─── Listed entries

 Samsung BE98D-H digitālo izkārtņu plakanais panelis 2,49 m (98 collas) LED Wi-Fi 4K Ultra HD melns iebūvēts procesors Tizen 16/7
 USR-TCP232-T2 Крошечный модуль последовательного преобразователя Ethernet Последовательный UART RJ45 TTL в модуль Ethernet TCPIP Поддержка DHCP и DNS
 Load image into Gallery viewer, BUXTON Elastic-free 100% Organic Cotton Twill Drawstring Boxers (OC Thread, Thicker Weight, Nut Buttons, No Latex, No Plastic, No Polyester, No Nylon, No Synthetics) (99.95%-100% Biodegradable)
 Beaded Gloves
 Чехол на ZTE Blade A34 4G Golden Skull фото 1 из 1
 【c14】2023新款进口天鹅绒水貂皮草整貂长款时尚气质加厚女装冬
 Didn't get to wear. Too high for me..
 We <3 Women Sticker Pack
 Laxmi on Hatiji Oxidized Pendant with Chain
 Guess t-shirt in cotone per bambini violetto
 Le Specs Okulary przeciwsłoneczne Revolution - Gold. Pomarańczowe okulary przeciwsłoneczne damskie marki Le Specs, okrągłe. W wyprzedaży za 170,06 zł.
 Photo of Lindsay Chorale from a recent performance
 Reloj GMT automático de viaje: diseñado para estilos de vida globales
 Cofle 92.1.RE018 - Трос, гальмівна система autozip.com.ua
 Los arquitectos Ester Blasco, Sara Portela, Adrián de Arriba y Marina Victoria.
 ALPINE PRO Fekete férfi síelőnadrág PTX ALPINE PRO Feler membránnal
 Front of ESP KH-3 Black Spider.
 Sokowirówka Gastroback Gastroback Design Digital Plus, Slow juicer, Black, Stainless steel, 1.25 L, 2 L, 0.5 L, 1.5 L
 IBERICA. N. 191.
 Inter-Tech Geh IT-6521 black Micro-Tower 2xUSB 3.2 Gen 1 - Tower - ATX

──────

◆ **Your objective**
Transcribe, word for word, the data above from its first line through the line with "Photo of Lindsay", and include nothing else.

◆ **Response to the task**
 Samsung BE98D-H digitālo izkārtņu plakanais panelis 2,49 m (98 collas) LED Wi-Fi 4K Ultra HD melns iebūvēts procesors Tizen 16/7
 USR-TCP232-T2 Крошечный модуль последовательного преобразователя Ethernet Последовательный UART RJ45 TTL в модуль Ethernet TCPIP Поддержка DHCP и DNS
 Load image into Gallery viewer, BUXTON Elastic-free 100% Organic Cotton Twill Drawstring Boxers (OC Thread, Thicker Weight, Nut Buttons, No Latex, No Plastic, No Polyester, No Nylon, No Synthetics) (99.95%-100% Biodegradable)
 Beaded Gloves
 Чехол на ZTE Blade A34 4G Golden Skull фото 1 из 1
 【c14】2023新款进口天鹅绒水貂皮草整貂长款时尚气质加厚女装冬
 Didn't get to wear. Too high for me..
 We <3 Women Sticker Pack
 Laxmi on Hatiji Oxidized Pendant with Chain
 Guess t-shirt in cotone per bambini violetto
 Le Specs Okulary przeciwsłoneczne Revolution - Gold. Pomarańczowe okulary przeciwsłoneczne damskie marki Le Specs, okrągłe. W wyprzedaży za 170,06 zł.
 Photo of Lindsay Chorale from a recent performance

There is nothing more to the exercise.